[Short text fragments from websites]

-*-

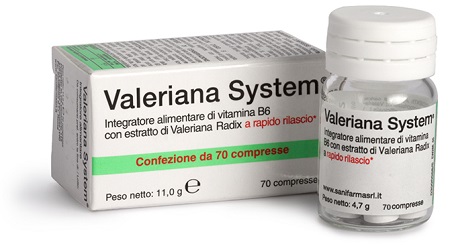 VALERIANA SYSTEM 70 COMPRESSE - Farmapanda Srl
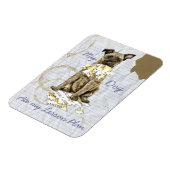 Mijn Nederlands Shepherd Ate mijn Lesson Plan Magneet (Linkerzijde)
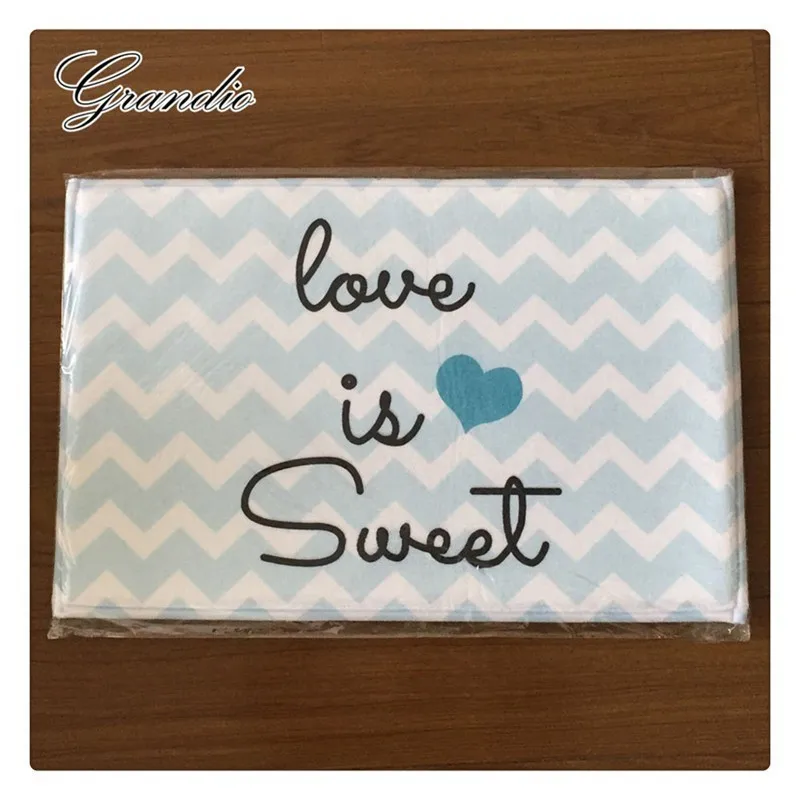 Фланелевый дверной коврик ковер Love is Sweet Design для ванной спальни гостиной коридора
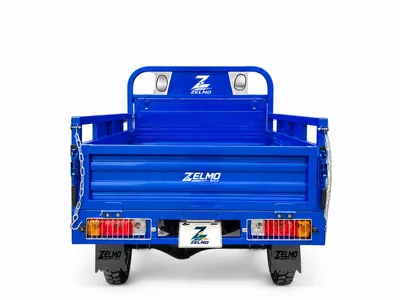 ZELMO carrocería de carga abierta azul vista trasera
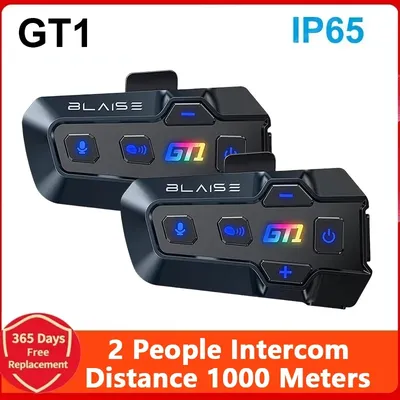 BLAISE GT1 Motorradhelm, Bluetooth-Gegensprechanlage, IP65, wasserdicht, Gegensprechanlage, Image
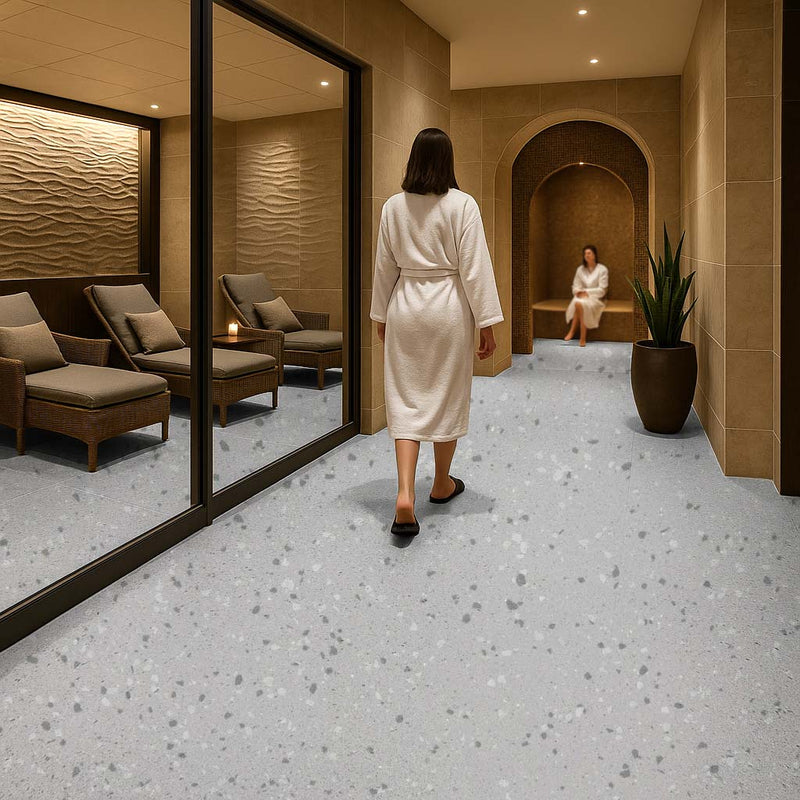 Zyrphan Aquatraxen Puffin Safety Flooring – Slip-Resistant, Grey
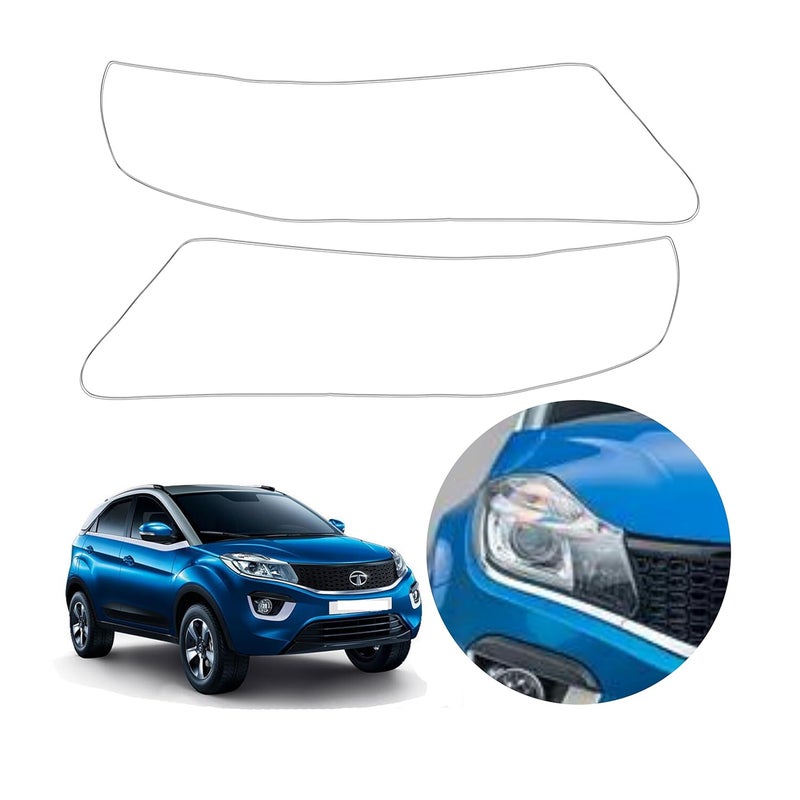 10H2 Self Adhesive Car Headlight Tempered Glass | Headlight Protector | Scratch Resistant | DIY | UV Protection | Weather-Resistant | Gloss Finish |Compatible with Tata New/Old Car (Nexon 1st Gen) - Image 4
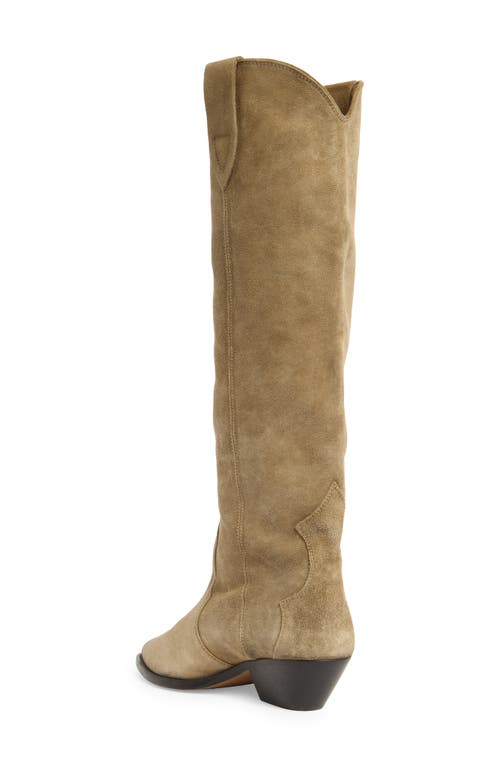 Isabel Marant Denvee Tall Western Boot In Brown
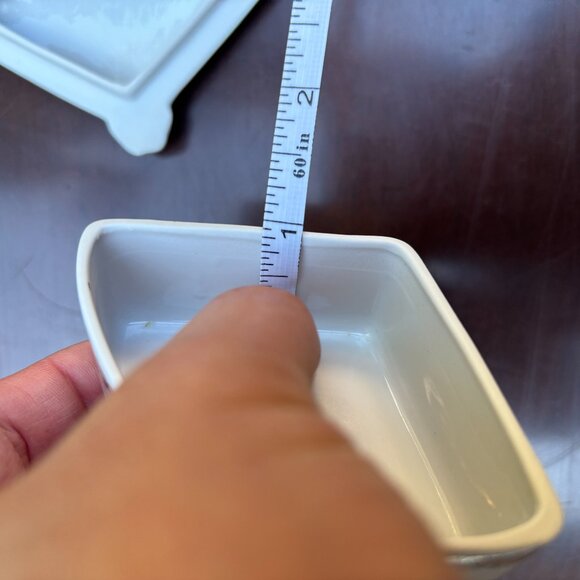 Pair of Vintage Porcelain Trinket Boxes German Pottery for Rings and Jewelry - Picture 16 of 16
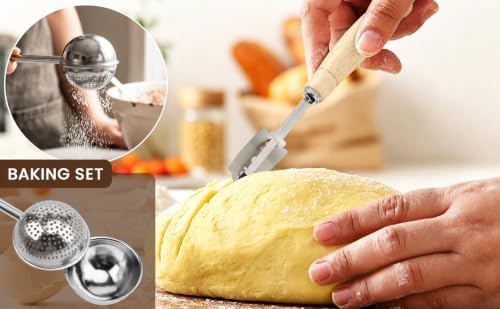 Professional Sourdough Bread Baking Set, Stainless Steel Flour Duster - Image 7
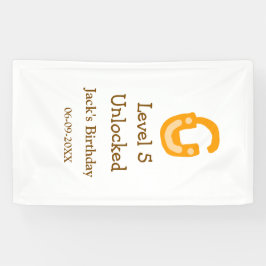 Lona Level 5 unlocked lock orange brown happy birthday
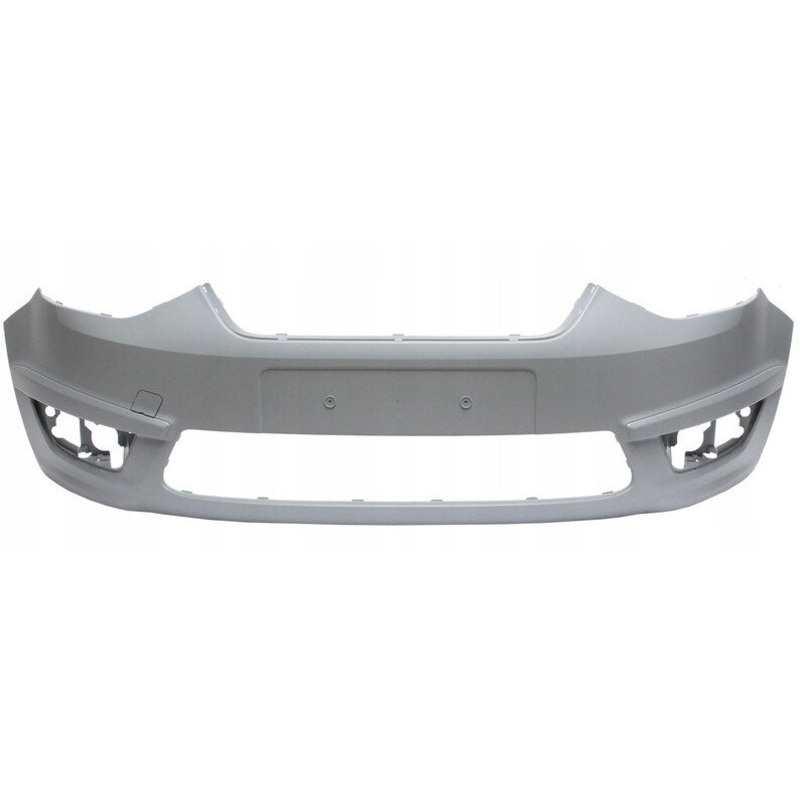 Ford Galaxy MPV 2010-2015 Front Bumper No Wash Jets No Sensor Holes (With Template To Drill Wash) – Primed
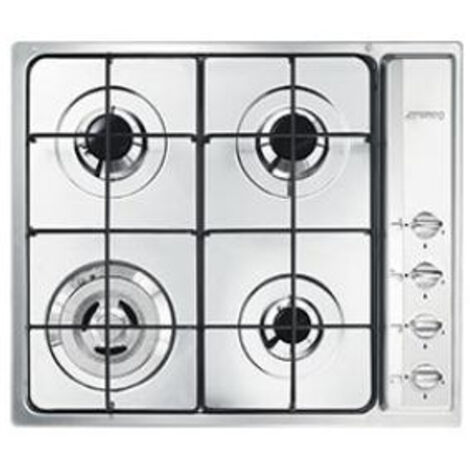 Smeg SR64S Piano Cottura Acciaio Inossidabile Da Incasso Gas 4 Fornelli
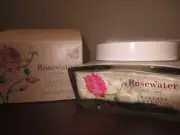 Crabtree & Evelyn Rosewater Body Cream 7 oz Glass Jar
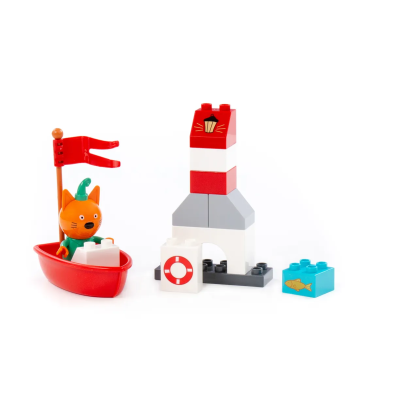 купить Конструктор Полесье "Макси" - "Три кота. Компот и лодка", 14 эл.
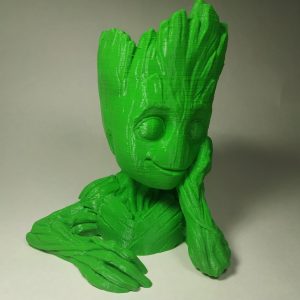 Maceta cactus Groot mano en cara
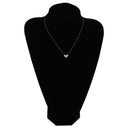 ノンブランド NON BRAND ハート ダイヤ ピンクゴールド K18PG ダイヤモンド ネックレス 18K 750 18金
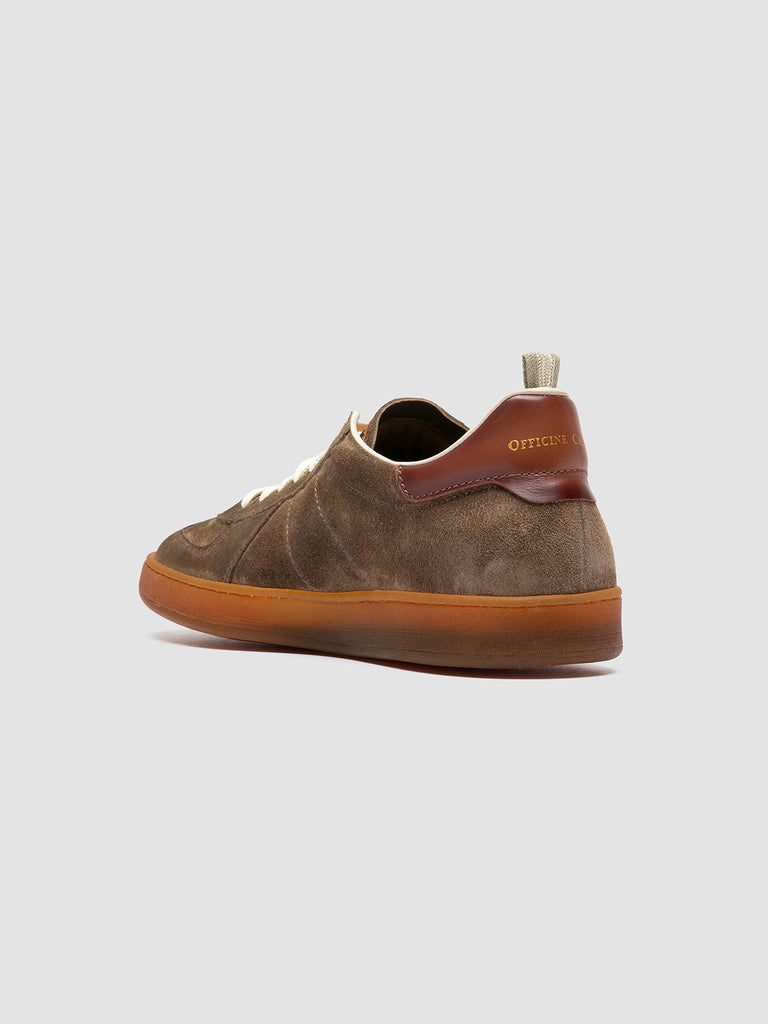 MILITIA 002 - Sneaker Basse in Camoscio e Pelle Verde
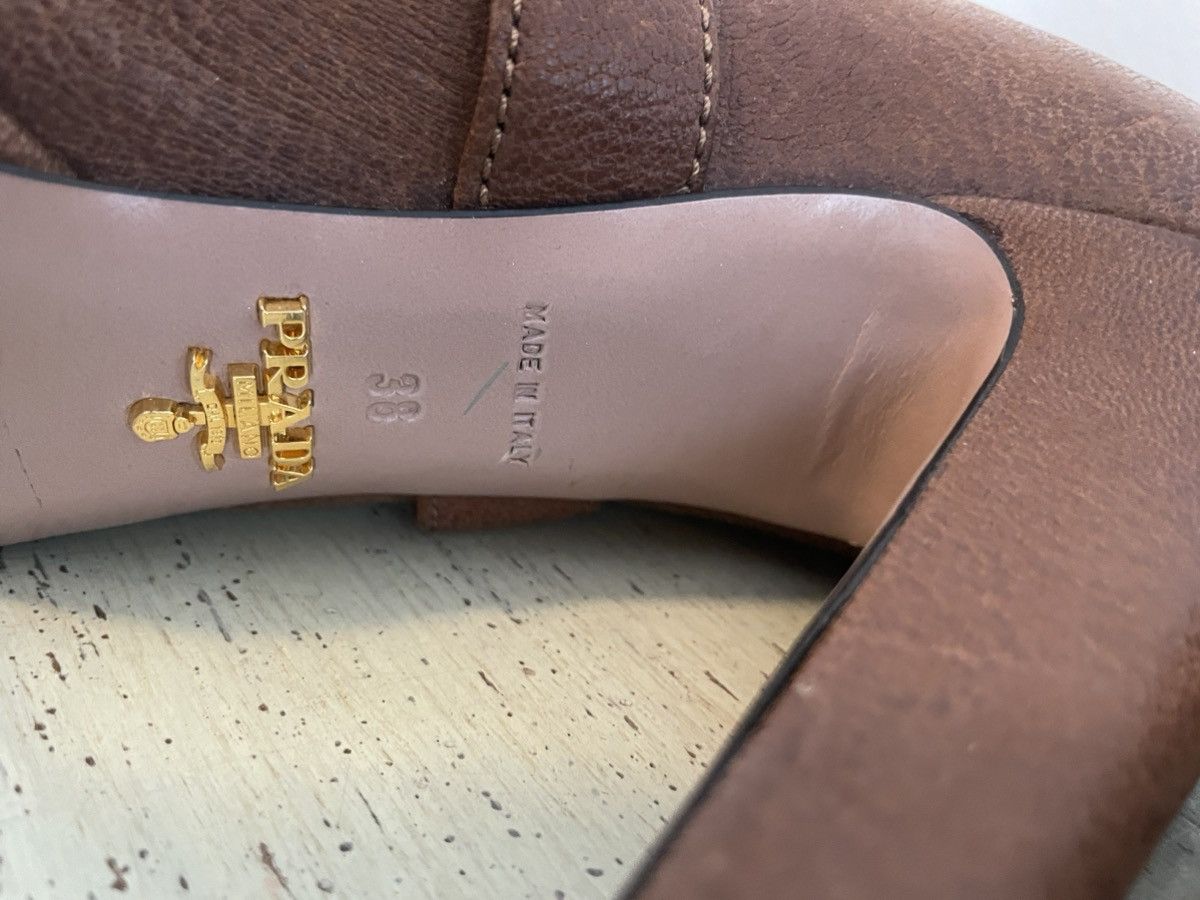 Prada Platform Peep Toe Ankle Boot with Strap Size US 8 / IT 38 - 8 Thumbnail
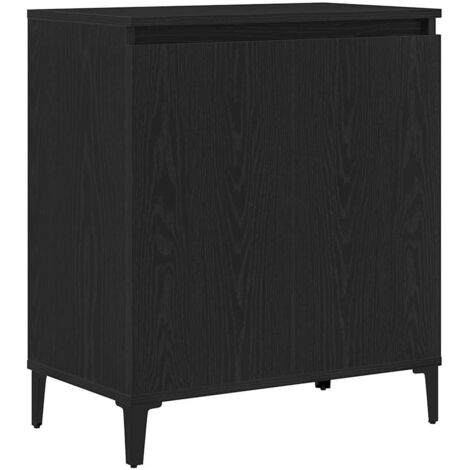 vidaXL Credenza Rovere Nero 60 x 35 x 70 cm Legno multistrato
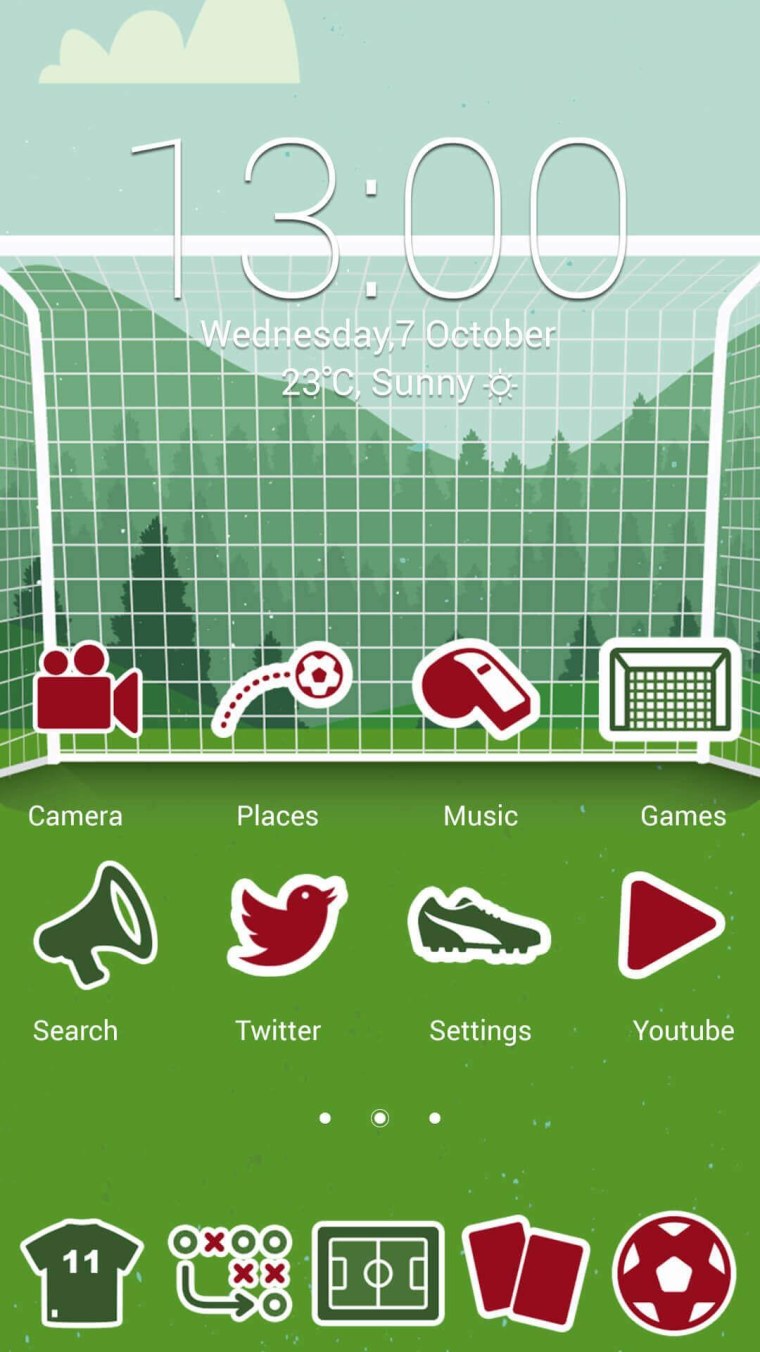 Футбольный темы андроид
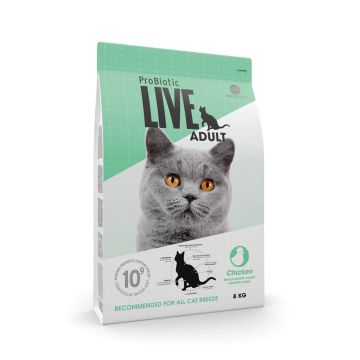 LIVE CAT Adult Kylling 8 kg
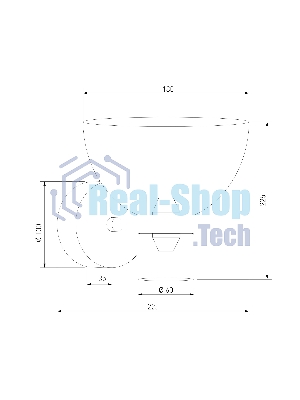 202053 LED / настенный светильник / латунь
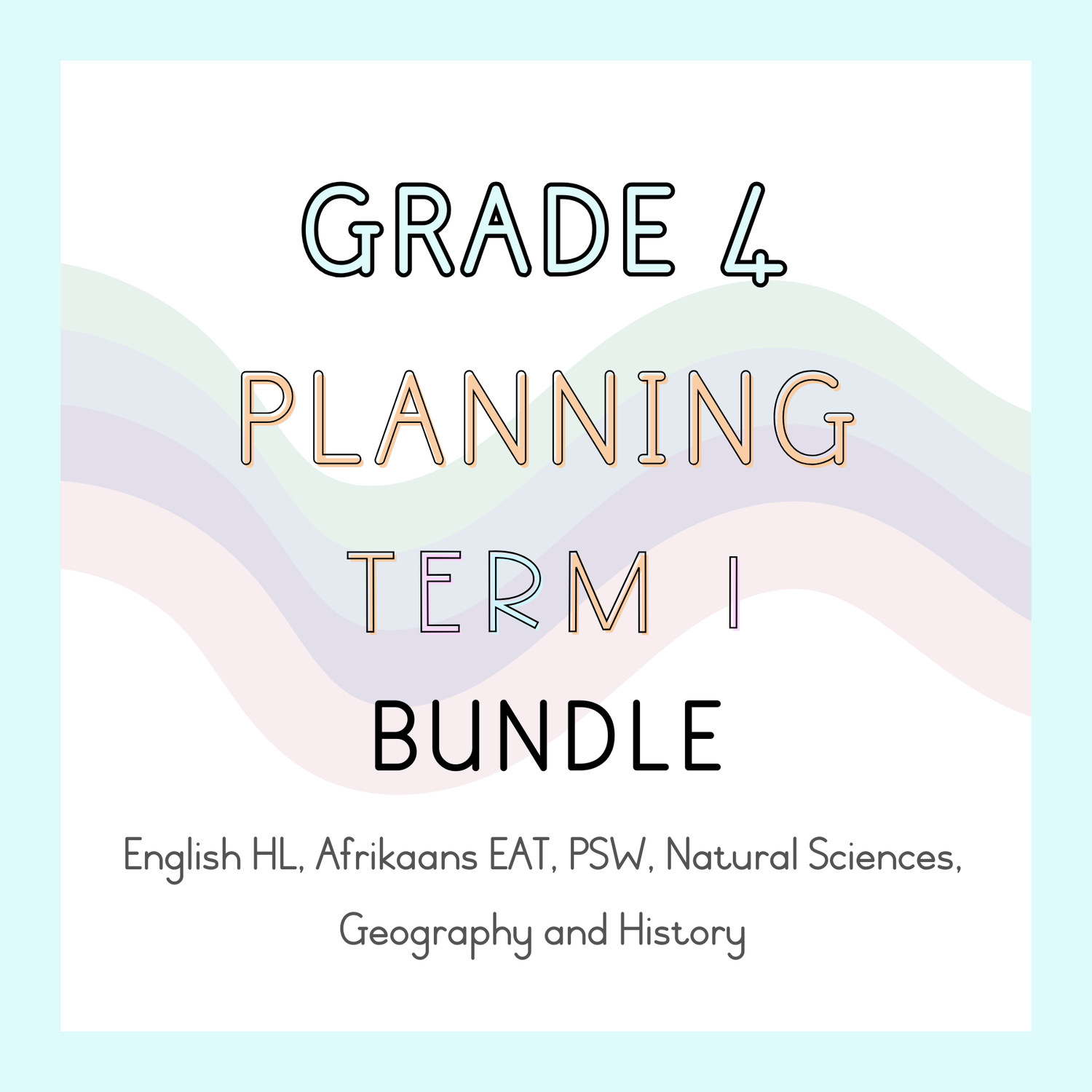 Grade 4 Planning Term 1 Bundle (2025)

-*-

WHAT TO DO: For this exercise, transcribe exactly the part of the records above that opens with the line containing "Фланелевый дверной коврик" and closes with the one containing "Zyrphan Aquatraxen Puffin". Pictures are not part of the copy.

RESULT:
 Фланелевый дверной коврик ковер Love is Sweet Design для ванной спальни гостиной коридора
 ZELMO carrocería de carga abierta azul vista trasera
 BLAISE GT1 Motorradhelm, Bluetooth-Gegensprechanlage, IP65, wasserdicht, Gegensprechanlage, Image
 Zyrphan Aquatraxen Puffin Safety Flooring – Slip-Resistant, Grey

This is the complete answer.